* **Information shown**
──────────────────────────────

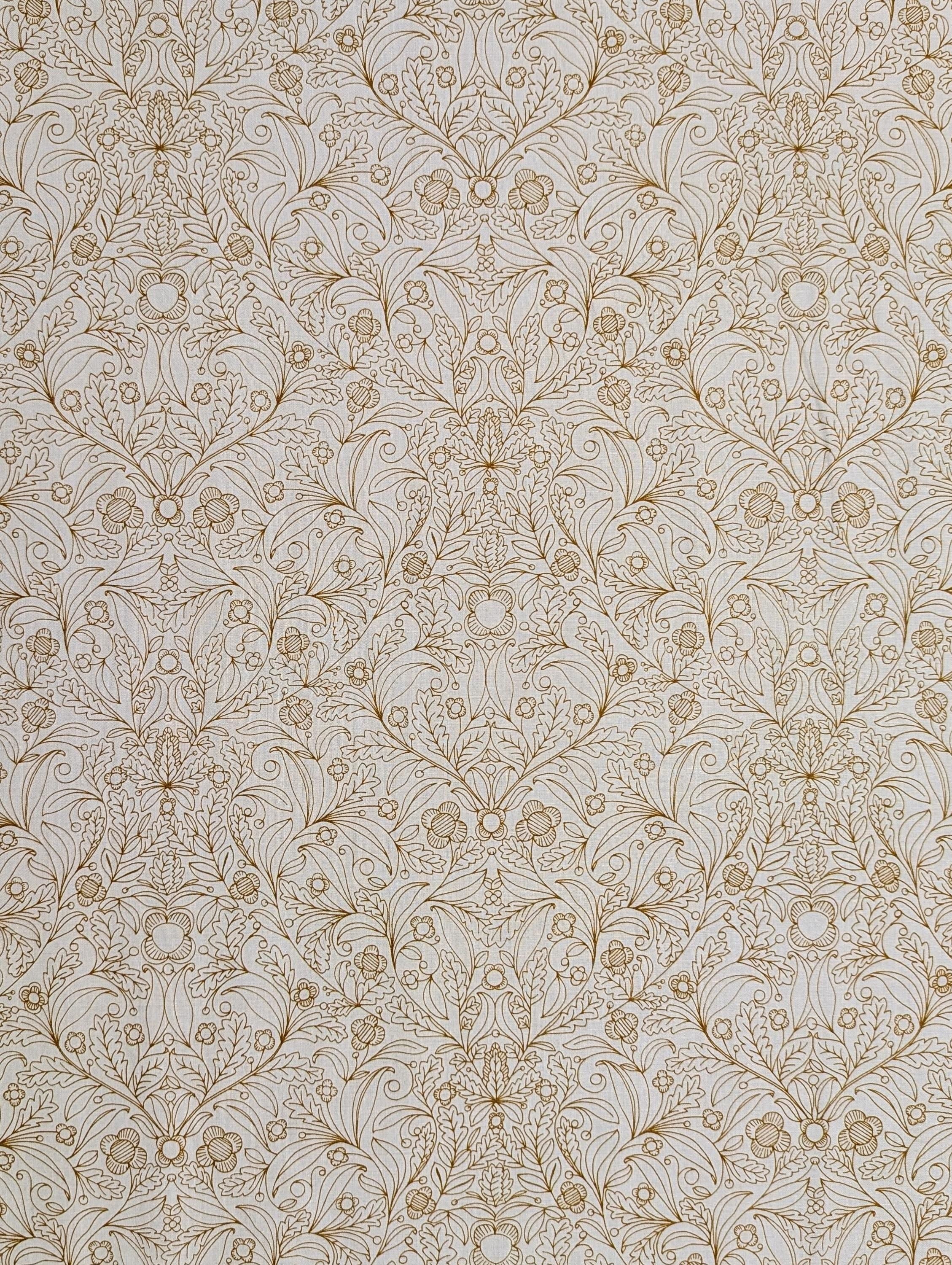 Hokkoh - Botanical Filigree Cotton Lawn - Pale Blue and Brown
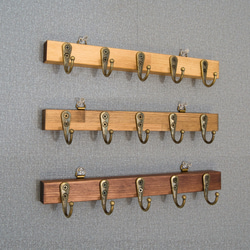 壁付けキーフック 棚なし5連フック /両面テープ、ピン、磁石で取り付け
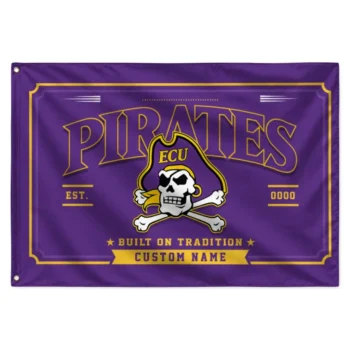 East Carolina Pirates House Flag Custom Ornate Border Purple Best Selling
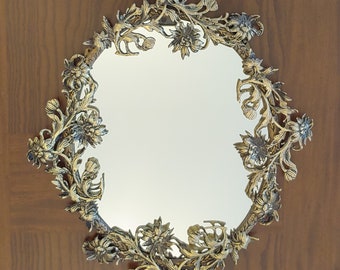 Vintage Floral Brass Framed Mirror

──────────────────────────────

* **Aim of the exercise**
Every line from the one containing "East Carolina Pirates" to the last line of the material must be returned exactly. Leave out any pictures.

* **Response**
 East Carolina Pirates House Flag Custom Ornate Border Purple Best Selling
 Vintage Floral Brass Framed Mirror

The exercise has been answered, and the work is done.